### [Data excerpts]
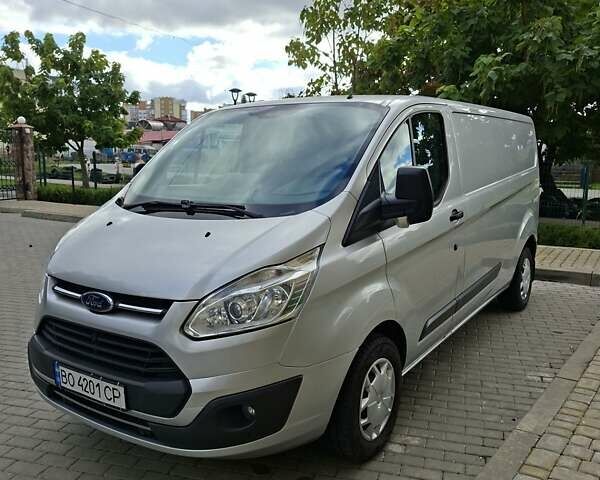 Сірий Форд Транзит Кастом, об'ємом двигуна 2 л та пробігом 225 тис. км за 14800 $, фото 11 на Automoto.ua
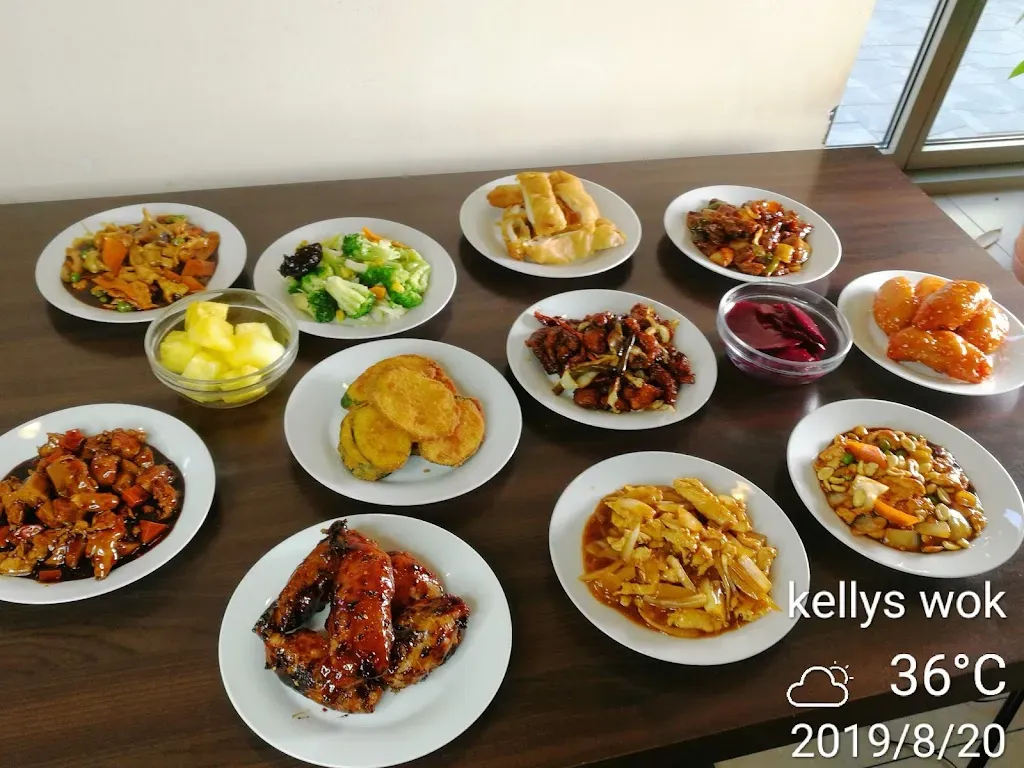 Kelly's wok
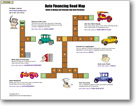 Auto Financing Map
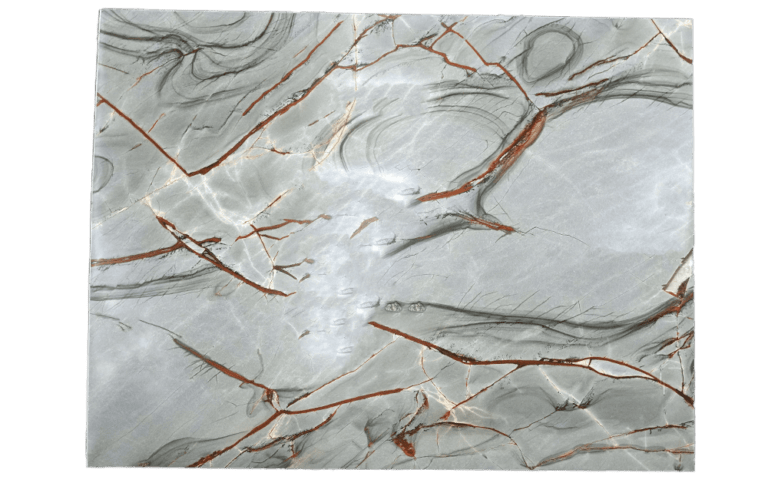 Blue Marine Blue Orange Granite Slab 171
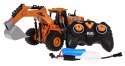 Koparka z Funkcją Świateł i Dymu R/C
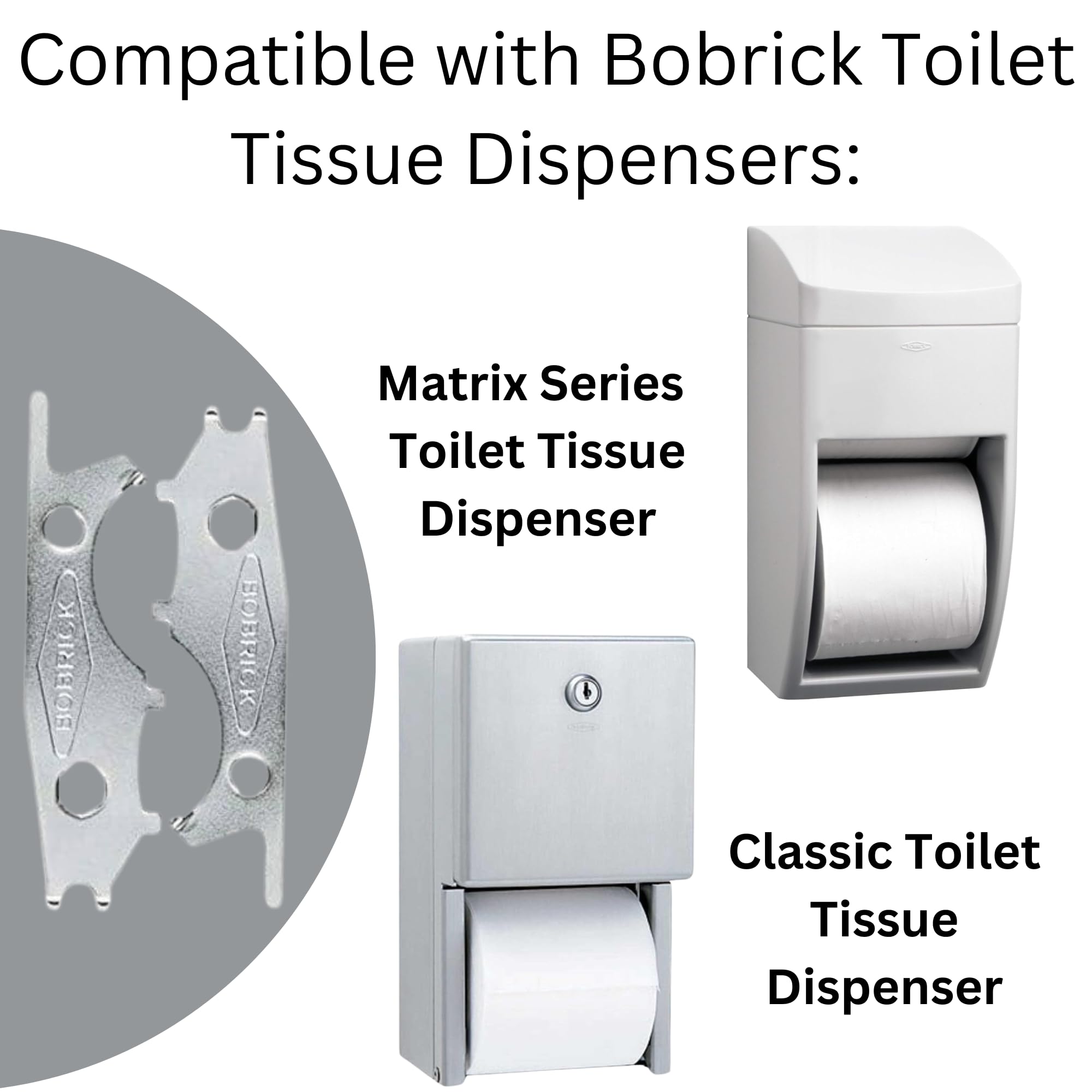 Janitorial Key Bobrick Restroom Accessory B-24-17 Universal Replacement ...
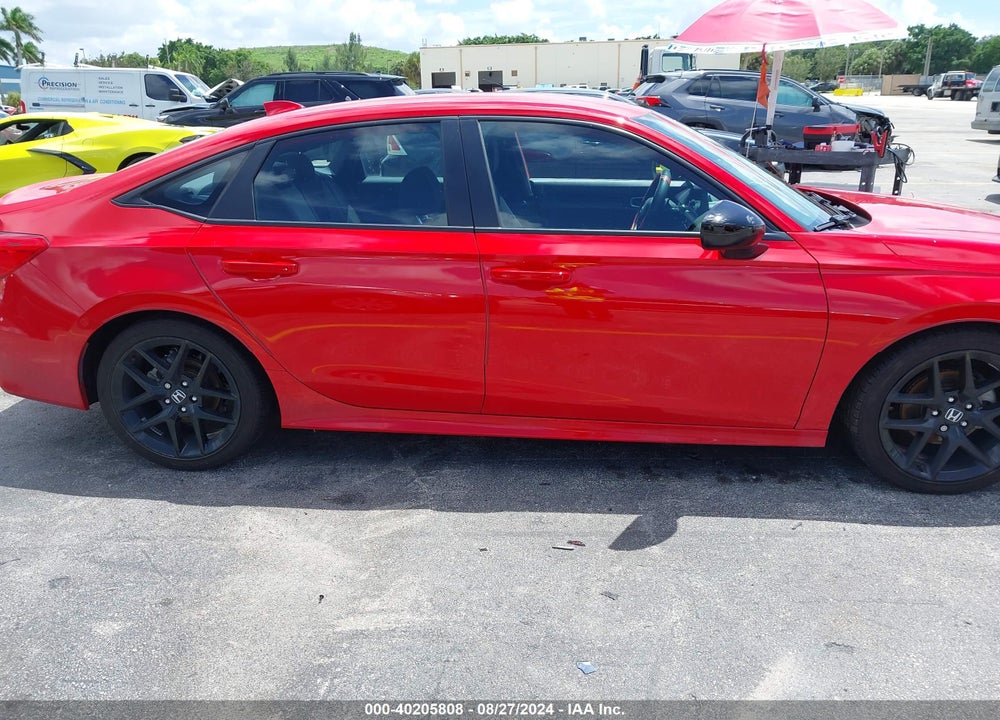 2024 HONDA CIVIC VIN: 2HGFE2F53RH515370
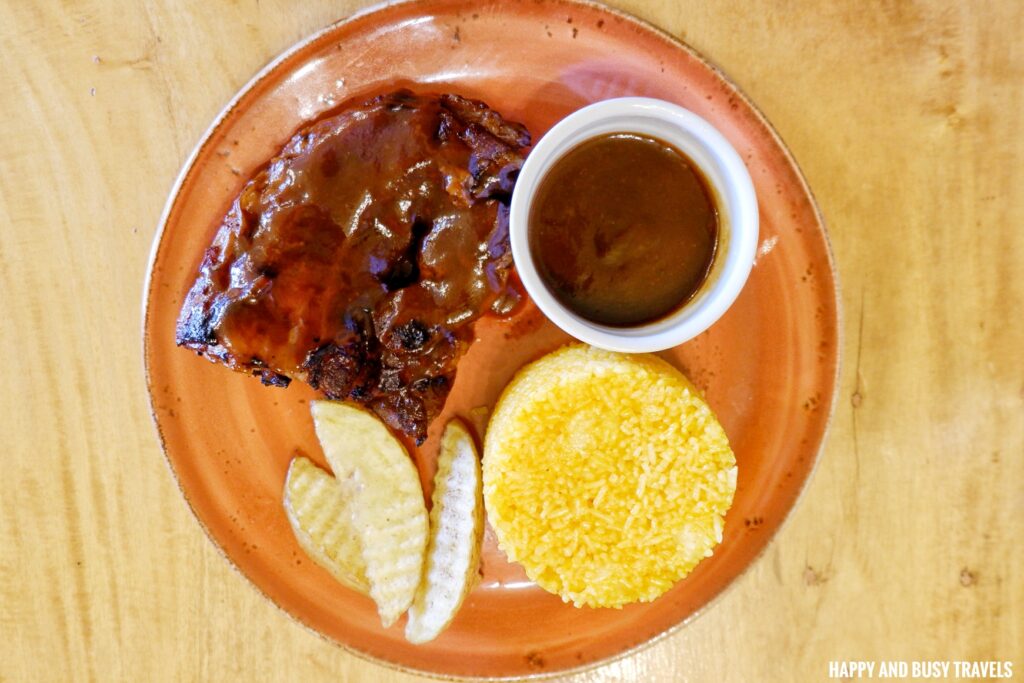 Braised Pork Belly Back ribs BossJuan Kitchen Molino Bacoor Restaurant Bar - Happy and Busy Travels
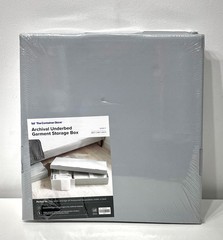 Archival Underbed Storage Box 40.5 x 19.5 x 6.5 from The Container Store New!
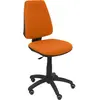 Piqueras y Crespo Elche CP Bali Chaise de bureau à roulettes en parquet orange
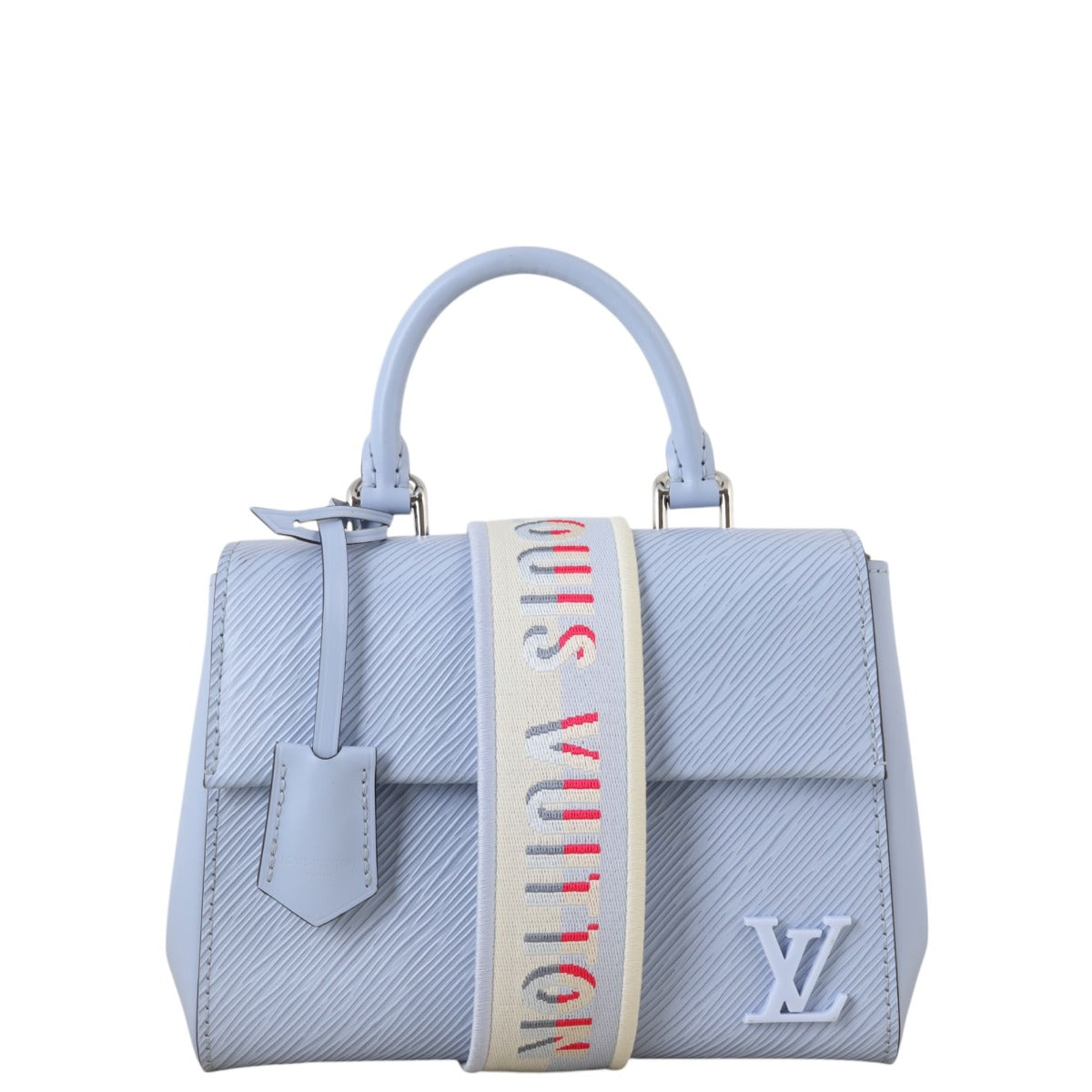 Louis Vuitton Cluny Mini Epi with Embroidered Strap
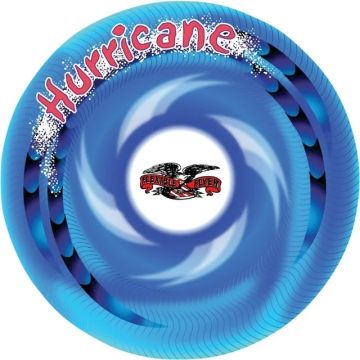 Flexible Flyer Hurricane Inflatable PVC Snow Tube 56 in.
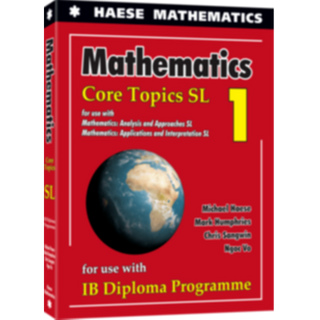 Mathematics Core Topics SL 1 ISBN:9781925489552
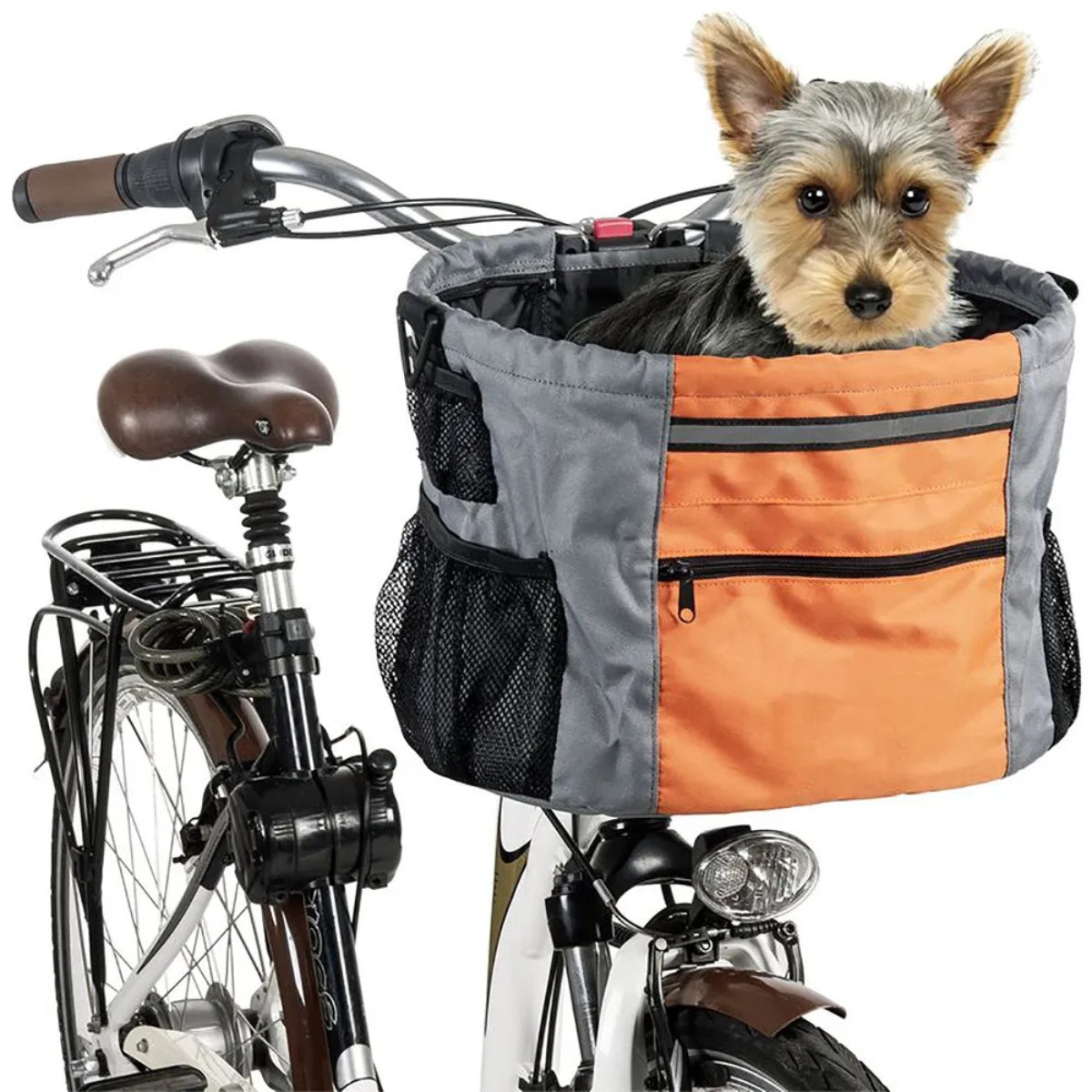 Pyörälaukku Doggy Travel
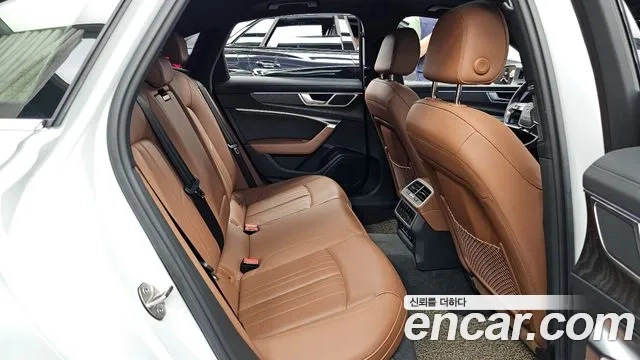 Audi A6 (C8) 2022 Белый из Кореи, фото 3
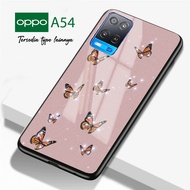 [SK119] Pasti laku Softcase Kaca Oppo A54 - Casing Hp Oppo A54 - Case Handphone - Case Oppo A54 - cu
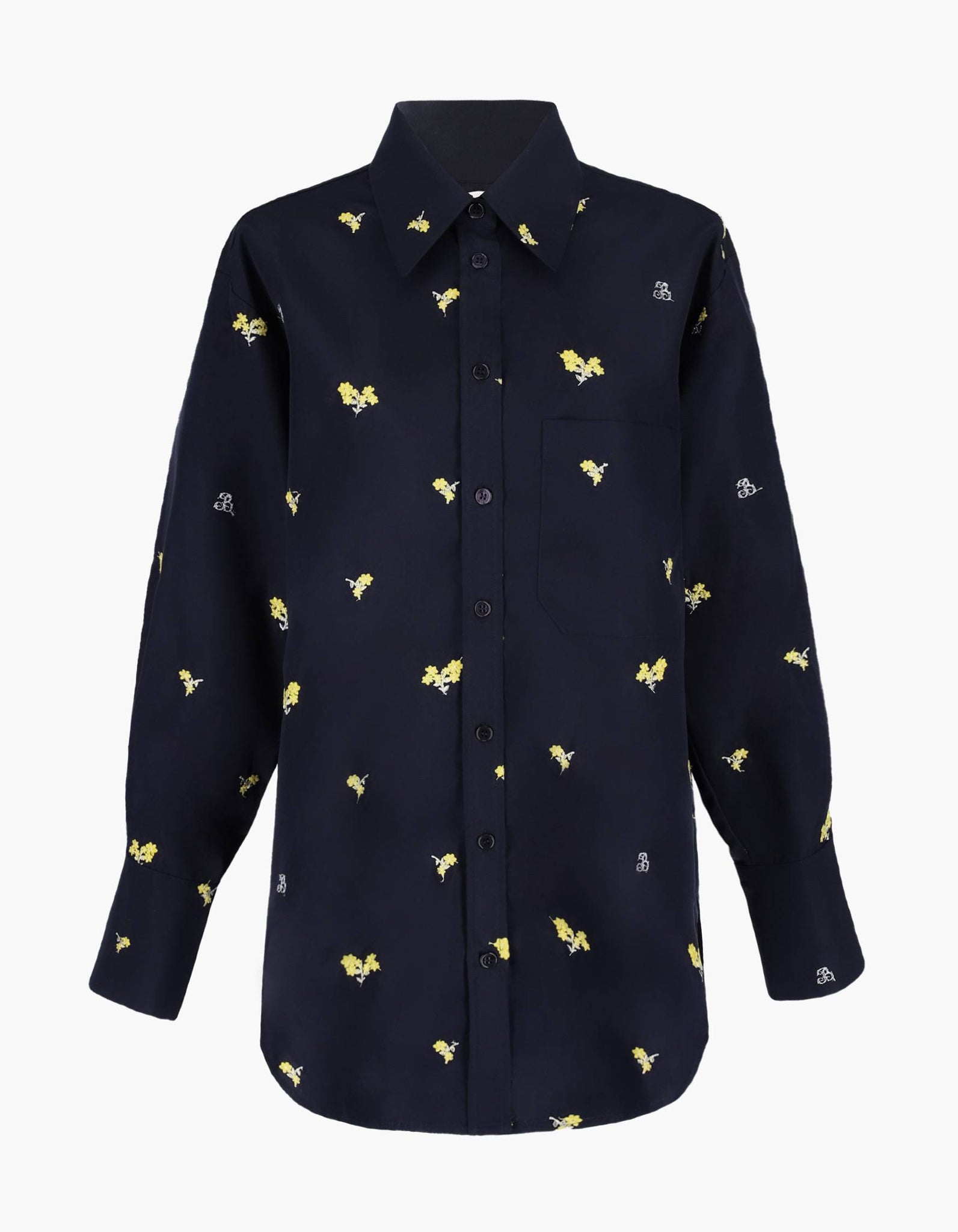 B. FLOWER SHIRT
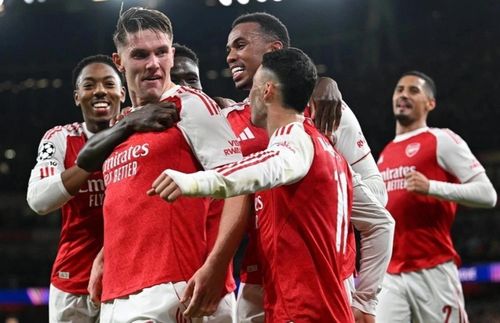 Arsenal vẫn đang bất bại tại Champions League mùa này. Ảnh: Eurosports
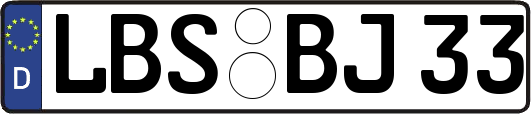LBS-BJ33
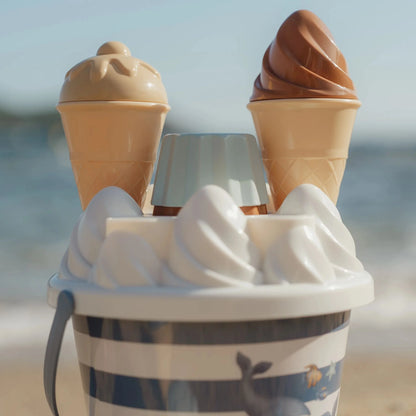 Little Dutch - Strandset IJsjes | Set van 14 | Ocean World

### [Task to complete]
Your answer must be an exact copy of the lines from the one with "[SK119] Pasti laku" through the final line of the data, both included, without any pictures.

### [Solution to this task]
 [SK119] Pasti laku Softcase Kaca Oppo A54 - Casing Hp Oppo A54 - Case Handphone - Case Oppo A54 - cu
 B. FLOWER SHIRT
 Arsenal vẫn đang bất bại tại Champions League mùa này. Ảnh: Eurosports
LBS-BJ33
 Little Dutch - Strandset IJsjes | Set van 14 | Ocean World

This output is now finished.